After one more attempt to interest Andrew in Monopoly, Oliver found his mom, grimaced and said, “He wants to look for bugs.” He needed no logic, as Linda should surely know there is something terribly “uncool” about looking for bugs. No self-respecting 8 year old should be asked to demean himself that much. Linda should know that. Apparently, she did, and she released him.


For all the expense of their many toys, their spacious land, and their large home, all the youngest children wanted to do was look for bugs. And there was no question in anybody’s mind who was having the best time. The lesson of the parable was clear: “The joy of life is as simple as looking for bugs.”


Is the parable of Oliver and Andrew a picture of what happens as children grow into adulthood? That the tide mysteriously shifts from wonder of nature’s simplest gifts to a love for the Ultimate Game of American Materialism? Perhaps this is part of what Jesus meant when He said we must “become like little children to enter the kingdom.”


Generally, we hear only hear in part. We listen long enough to hear the Church’s message of “salvation” and do the basics to secure a nice place in the afterlife, but we keep living with the Monopoly board before us and miss the life God has for us here on earth, disguised in the simplest of treasures.

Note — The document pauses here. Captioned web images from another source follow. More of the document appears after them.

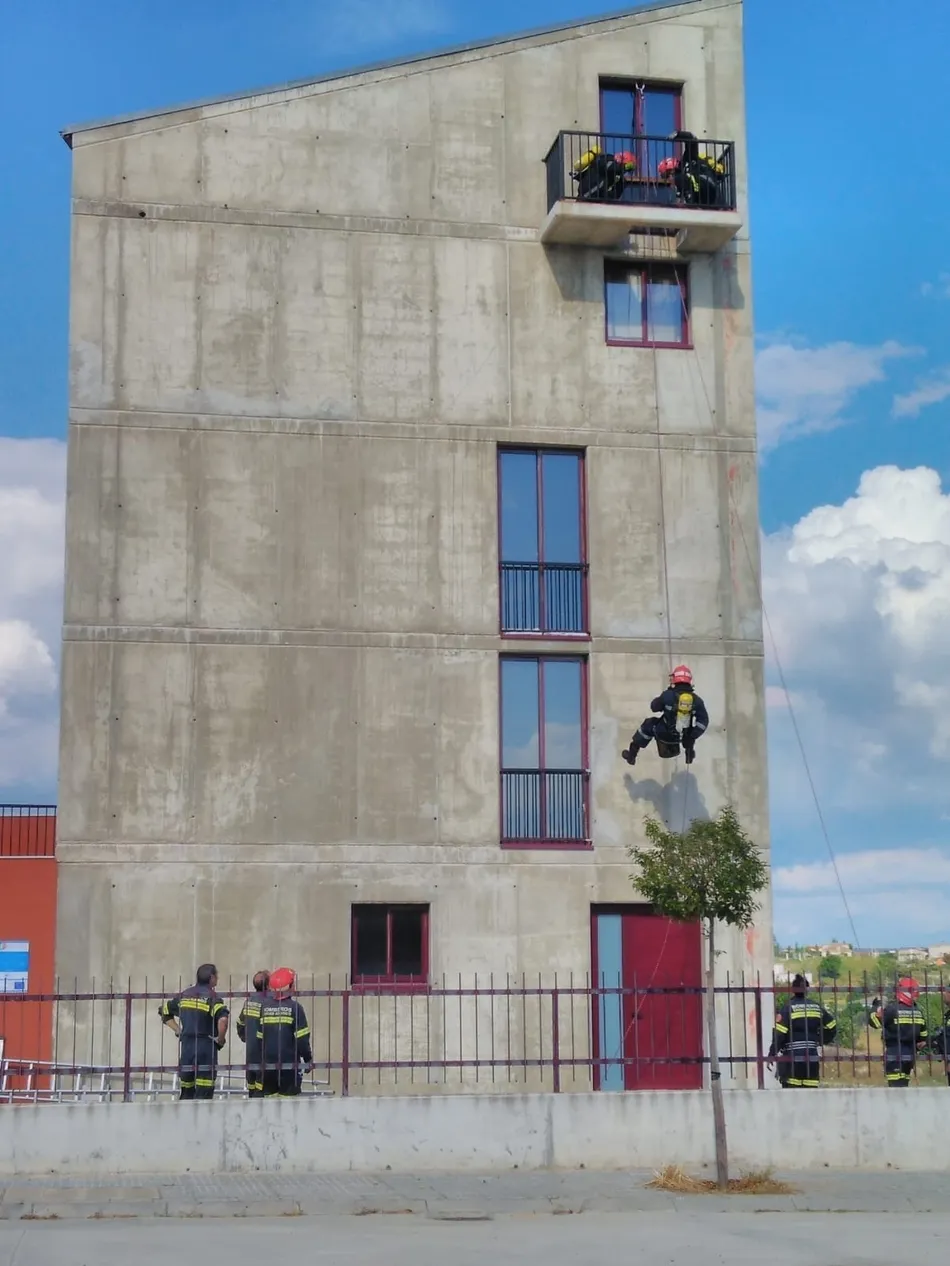 Foto 8 - Los Bomberos llevan a cabo nuevas pr&aacute;cticas en la Torre del Parque  
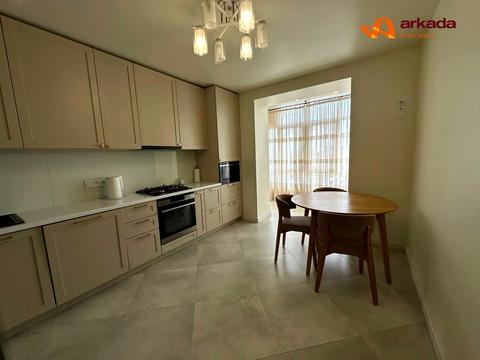 квартира за адресою Макогона вул., 25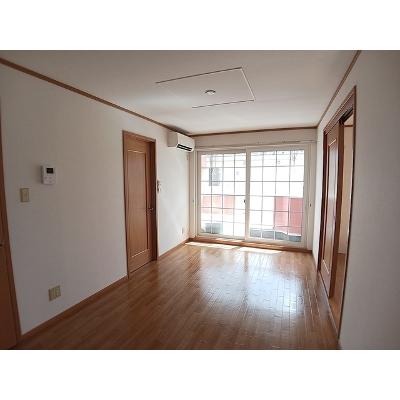 サウス・ウィンド　Ⅱ 201【管理NO：1-012055302-02010】 ★家具家電は申し込み後に搬入します★ ★2026年09月下旬入居可能★の物件写真2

We pray for a silver lining to our current economic downturn: may we finally rediscover God’s greatest gifts of all. Blessings of cost-free treasures to all.

Tuesday, March 3, 2009

Lost and Found

Last week, we began to file a “stolen vehicle report” on our Civic Hybrid. Thankfully, it was found, appeared untouched, and parked a block+ away from where I had parked it. Could I have not only misremembered parking it – when I had worked so hard to squeeze it into its spot – but also the extra distance I would have had to have walked? According to the officer (and since then, many of our friends), Honda vehicles are notorious for having keys work in same-model Hondas. So someone with a key to a Civic could look at ours and think, “Hmmm . . . that’s one’s a hybrid. Maybe I should see if I can drive off with it . . . (!)”


We asked friends to pray and some of them were actually praying that if someone did steal it, their conscience would get the better of them and they’d return it. Whatever actually happened is a mystery, but the experience represents for us both how fleeting everything is and also how much we feel blessed by God. How very true Jesus’s parables are on the joy we experience when we find what we’ve lost! Coupled with the remarkable story by which God blessed us with a hybrid (something we wanted, but gave up on seeking due to sticker-shock), we now feel that our vehicle is a double-blessing from God.


This story also reminds me of our marriage’s greatest “lost and found” story. At the very moment that our marriage was enduring its greatest test, both Chris and I lost our wedding rings. Literally, within a week and a half of each other, we both lost them and that was during the same two most challenging weeks of our marriage. Coincidence? I don’t think so. People who say I “over-spiritualize” need to look at “statistical significance” of incidents that are too much for “coincidence.” Anyway, off my little soap box and back to the story: we rebuffed our vow to never put anything on a credit card we couldn’t pay in at least three months and went shopping for new wedding rings. We found one beautifully symbolic for me: the desired circular ¼ carat in the middle, but then to the left of it, four very little diamonds “following” it. So I tell people, the carat is Jesus, followed by Chris, me, Andrew & Melanie. The kids, of course, love this story and show people theirs: “This one’s me!”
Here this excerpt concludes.